Il Tribunale delle Anime è nato dall’incontro con uno strano individuo, in uno dei luoghi più misteriosi di Roma: Piazza delle Cinque Lune. Ad organizzare il tutto un mio vecchio amico della Questura, specializzato nella ricerca delle persone scomparse (che mi aveva ispirato il personaggio di Mila ne Il Suggeritore). Mi disse di chiamare questo tizio perché aveva una storia che poteva interessarmi. Lo feci e il tizio mi disse che ci saremmo visti «all’ora del tramonto». Quando gli chiesi cosa intendesse, mi rispose semplicemente «Prima del calar della sera», come fosse la cosa più naturale del mondo. Dopo aver controllato sul Messaggero a che ora tramontava il sole, mi sono recato sul luogo. Lui era già lì. Il tizio è un cacciatore del buio e, prima di raccontarmi di sé e del suo particolare metodo d’indagine, esordì con una domanda: «Qual è il più grande archivio criminale del mondo?».

Pensai all’Fbi. oppure all’Interpol, ma mi sbagliavo. La risposta mi lasciò senza fiato. Era la storia thriller più straordinaria che avessi mai sentito, tanto che non riuscivo a credere che nessuno ci avesse mai scritto un libro.
Dopo una passeggiata fra i vicoli intorno a Piazza Navona, terminata a San Luigi dei Francesi, me ne tornai a casa stordito e confuso. All’epoca avevo quasi terminato la stesura del secondo libro e mi apprestavo a inviarlo a Longanesi, eppure la storia dei cacciatori del buio continuava a tornarmi in mente. Mi dicevo che l’avrei scritta subito dopo, ma la verità è che non riuscivo a resistere. Dopo una nottata in bianco, ho chiamato il mio editore per comunicargli che avrei messo da parte il libro quasi finito per dedicarmi a un nuovo romanzo. Mi aspettavo una reazione sconcertata, ma dopo avergli accennato la trama, Stefano Mauri fu pienamente d’accordo.

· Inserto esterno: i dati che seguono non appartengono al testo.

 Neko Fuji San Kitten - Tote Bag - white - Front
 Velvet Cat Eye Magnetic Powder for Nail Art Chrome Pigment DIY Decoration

Così ho ricominciato le ricerche per imbastire la trama. Ho intervistato altre volte il cacciatore del buio che, per riassumere la sua funzione, una volta mi disse: «C’è un luogo in cui il mondo della luce incontra quello delle tenebre. È lì che avviene ogni cosa: nella terra delle ombre, dove tutto è rarefatto, confuso, incerto. Io sono uno dei guardiani posti a difesa di quel confine. Ma ogni tanto qualcosa riesce a passare. Il mio compito è ricacciarlo indietro…»
Dopo quella rivelazione, mi ha portato a visitare luoghi strani e spesso sconosciuti di Roma. Così il racconto ha preso prima di tutto una forma emotiva. Volevo descrivere una Roma oscura, bagnata dalla pioggia, vicina eppure lontana, la dark-city di un fumetto cattivo. E volevo che sembrasse “straniera” per i lettori italiani.

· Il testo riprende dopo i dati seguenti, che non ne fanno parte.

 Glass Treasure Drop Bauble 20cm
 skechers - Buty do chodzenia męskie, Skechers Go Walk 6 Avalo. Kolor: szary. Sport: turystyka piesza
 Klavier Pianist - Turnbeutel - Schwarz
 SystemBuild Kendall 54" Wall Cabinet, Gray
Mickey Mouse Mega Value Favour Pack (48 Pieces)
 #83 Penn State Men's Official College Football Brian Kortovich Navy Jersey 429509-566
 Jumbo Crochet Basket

Ma mi mancava ancora il tema di fondo. A suggerirmelo, una bambina di nove anni. Clara è la figlia di due miei cari amici e sono molto affezionato a lei e incuriosito dal suo acume. Pur non avendo letto Il Suggeritore (è troppo piccola), un giorno mi ha domandato: «Ma nel tuo libro, tu sei il buono o il cattivo?». Da piccoli accade spesso che ci si immedesimi coi personaggi dei cartoni o delle fiabe, ovviamente si scelgono sempre i buoni. A ben guardare, anche i lettori di un romanzo parteggiano apertamente per l’eroe di turno.

Ma lo scrittore? Dovendo creare anche la figura del cattivo finisce inevitabilmente con l’immedesimarsi con lui. Lo scrittore parteggia sempre per entrambi i personaggi, anche se alla fine ne fa prevalere soltanto uno. Ma deve amare il cattivo quasi quanto il buono, perché – si sa – sono i cattivi che fanno la storia. Lo scrittore così mette a nudo la propria anima, mentre il lettore rimane al riparo delle pagine. E mi sono detto: perché per una volta non invertire i ruoli? Se foste vittime di una grave ingiustizia – come ad esempio l’uccisione di una persona cara – e non fosse possibile ricorrere alla legge, cosa provereste? E qualora vi si offrisse l’occasione di vendicarvi, sareste in grado di uccidere l’assassino che l’ha fatta franca?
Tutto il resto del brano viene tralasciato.